Opinion: Squaw Valley’s plans diminish natural fun
Publisher’s note: Squaw Valley is not in the Lake Tahoe Basin.
By Tom Mooers
Lake Tahoe is no stranger to wild development schemes.
The latest threat to the Tahoe Sierra centers on Squaw Valley, where developers are proposing a series of high-rise hotels and condos – even an indoor amusement park the likes of which the Sierra has never seen.
In the 1860s, the Lake Tahoe and the San Francisco Water Co. wanted to dig a tunnel from Squaw Valley under the crest of the Sierra and into the Sacramento Valley to drain the lake for the young city’s water needs.
A hundred years later, planners and speculators mapped a proposal to encase Lake Tahoe in concrete and subdivisions with double and triple bands of freeways ringing the lake and a causeway across the mouth of Emerald Bay.
At stake now is one of those great Tahoe settings where the natural scenery provides a unique sense of place. Squaw Valley’s own iconography is a matter of its meadow and mountains – the flat of the valley quickly giving way to some of the world’s most challenging ski terrain.
But developer KSL Capital Partners’ proposals promote a very different version of the Squaw Valley experience – based not on the great outdoors but, instead, on indoor amusement.
All told, the proposed development would be 10 times as big – and twice as tall – as the existing village. New development would include as many bedrooms as the four big high-rise casinos at Stateline combined. And it would encourage us to turn our backs on what makes the Tahoe Sierra so special in the first place.
One indication of the scale of development is the projected construction time: 20 years. In other words, developers propose so much that Squaw Valley would be a construction zone for two decades – raising big questions not only about what we leave behind for future generations, but also how we experience Squaw in our own lifetimes.
At the heart of the proposal lies a dangerous, publicly asserted misconception of the Tahoe Sierra – a false notion that “there is nothing to do here in the summer.” So, instead of opportunities to swim in Lake Tahoe, hike the Pacific Crest Trail or raft down the Truckee, the development would be built around a massive, indoor amusement park – about as big as an average Costco warehouse store – with indoor water slides, a fake “action river” and an arcade. It sounds like fun, but does it sound like Tahoe?
Fortunately for us, Tahoe was not drained in the 19th century, and it wasn’t encased in concrete in the 1960s. Now it’s time for us to appreciate Tahoe for what it is – and not try to remake it into what it is not.

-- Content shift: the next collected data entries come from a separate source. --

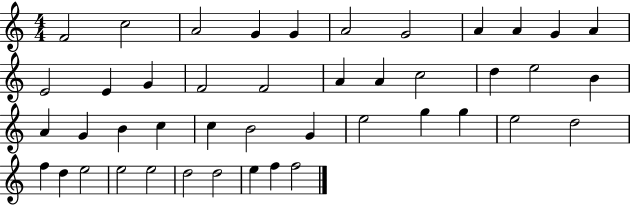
X:1
T:Untitled
M:4/4
L:1/4
K:C
F2 c2 A2 G G A2 G2 A A G A E2 E G F2 F2 A A c2 d e2 B A G B c c B2 G e2 g g e2 d2 f d e2 e2 e2 d2 d2 e f f2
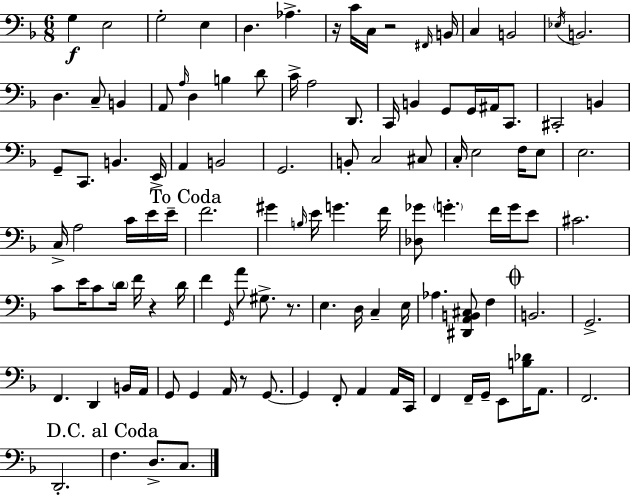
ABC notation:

X:1
T:Untitled
M:6/8
L:1/4
K:Dm
G, E,2 G,2 E, D, _A, z/4 C/4 C,/4 z2 ^F,,/4 B,,/4 C, B,,2 _E,/4 B,,2 D, C,/2 B,, A,,/2 A,/4 D, B, D/2 C/4 A,2 D,,/2 C,,/4 B,, G,,/2 G,,/4 ^A,,/4 C,,/2 ^C,,2 B,, G,,/2 C,,/2 B,, E,,/4 A,, B,,2 G,,2 B,,/2 C,2 ^C,/2 C,/4 E,2 F,/4 E,/2 E,2 C,/4 A,2 C/4 E/4 E/4 F2 ^G B,/4 E/4 G F/4 [_D,_G]/2 G F/4 G/4 E/2 ^C2 C/2 E/4 C/2 D/4 F/4 z D/4 F G,,/4 A/2 ^G,/2 z/2 E, D,/4 C, E,/4 _A, [^D,,A,,B,,^C,]/2 F, B,,2 G,,2 F,, D,, B,,/4 A,,/4 G,,/2 G,, A,,/4 z/2 G,,/2 G,, F,,/2 A,, A,,/4 C,,/4 F,, F,,/4 G,,/4 E,,/2 [B,_D]/4 A,,/2 F,,2 D,,2 F, D,/2 C,/2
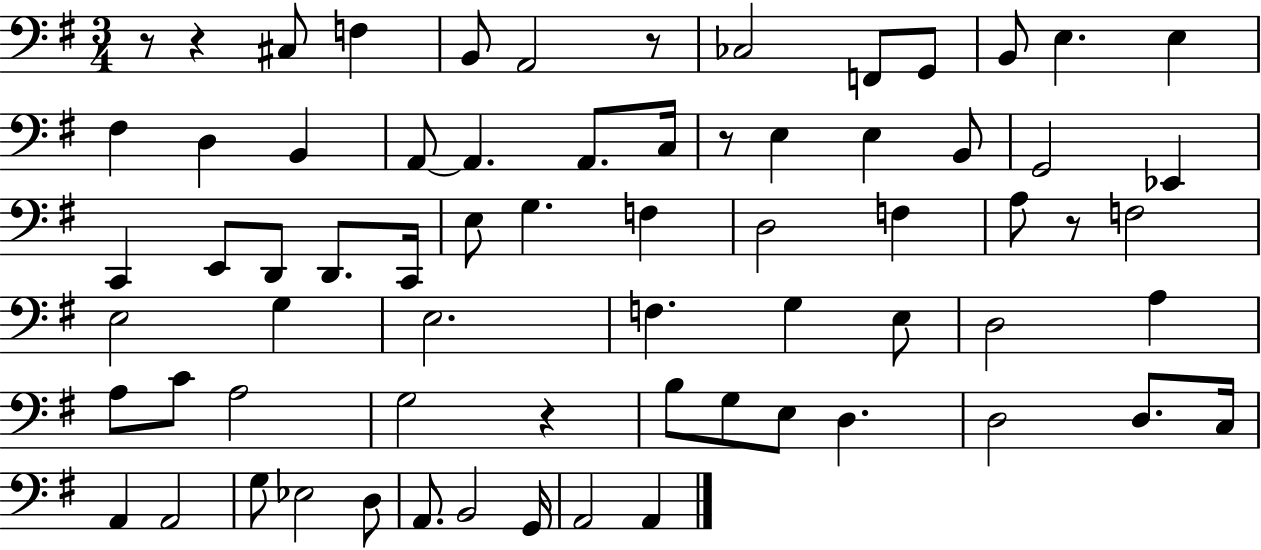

The alternative for Squaw Valley developers is simple: pull their proposal and work together. There are plenty of examples of how conservationists, landowners and developers can cooperate – including last month’s agreement to allow limited development and secure permanent preservation of the neighboring Martis Peak property.
Squaw Valley provides a perfect opportunity to engage local know-how, regional expertise and sound planning to come up with a blueprint that makes sense – a plan that respects the timeless beauty of our Tahoe Sierra and ensures an outcome that, looking back, we can all be proud of.
Tom Mooers is the executive director of Sierra Watch.
This idea is terrible! Squaw Valley is so beautiful, with the large meadow surrounded by the jagged peaks. To ruin that would be horrible!
Developers keep over-developing and ruining the land for Bay area profit and ruin what little is left and destroy why people are there to escape urban-ness and they will create all of the problems people are trying to escape and transfer them to the mountains. There are enough condos for 100 years in all directions.
Sad, sad. If they follow through with their plans so many people will stay away, people who still come for Squaw’s natural beauty, not to view high rises and city-type entertainment. I loved it when it was 1960’s simplicity. Why “improve” what doesn’t need improving?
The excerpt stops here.